Only the pictures are to be dropped, and the rest of the data should be copied exactly.

#### [DATA SEGMENT]
- - - - - - -

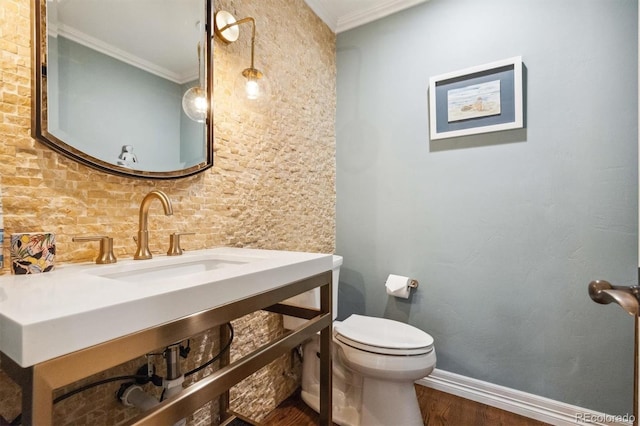 5340 S Logan Dr, Greenwood Village, CO 80121 - bathroom with wood finished floors, crown molding, toilet, tasteful backsplash, and baseboards
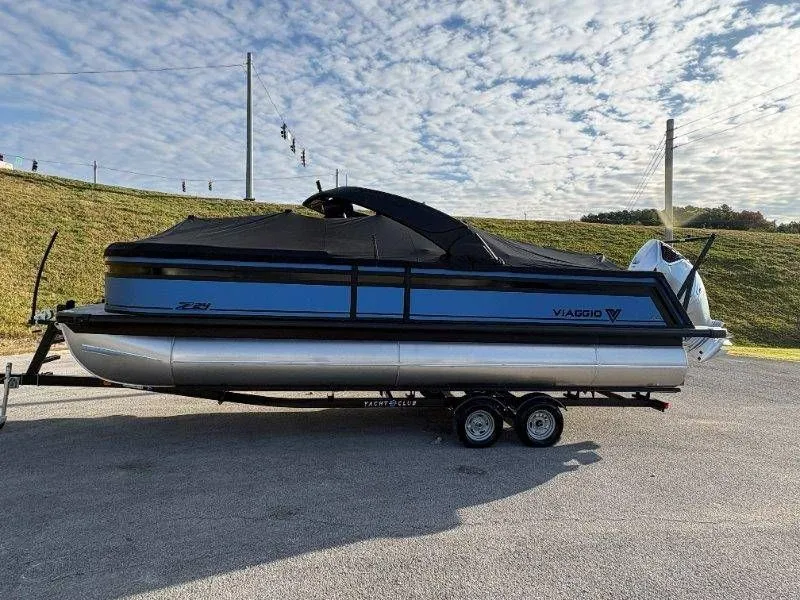 Slide: The Image of Viaggio Lago Z24S 2026 - 51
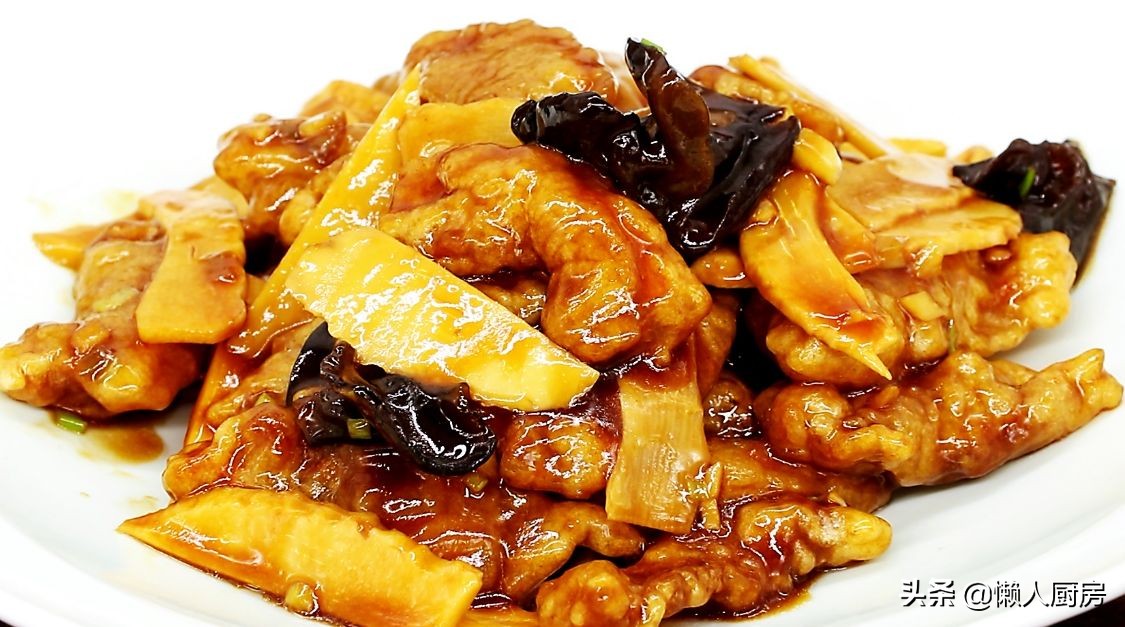 五花肉裹上澱粉糊，加一碗料汁炒，太下飯了，外皮想要更脆有竅門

- - - - - - -

#### [REPLY TO THE TASK]
 5340 S Logan Dr, Greenwood Village, CO 80121 - bathroom with wood finished floors, crown molding, toilet, tasteful backsplash, and baseboards
 Slide: The Image of Viaggio Lago Z24S 2026 - 51
 五花肉裹上澱粉糊，加一碗料汁炒，太下飯了，外皮想要更脆有竅門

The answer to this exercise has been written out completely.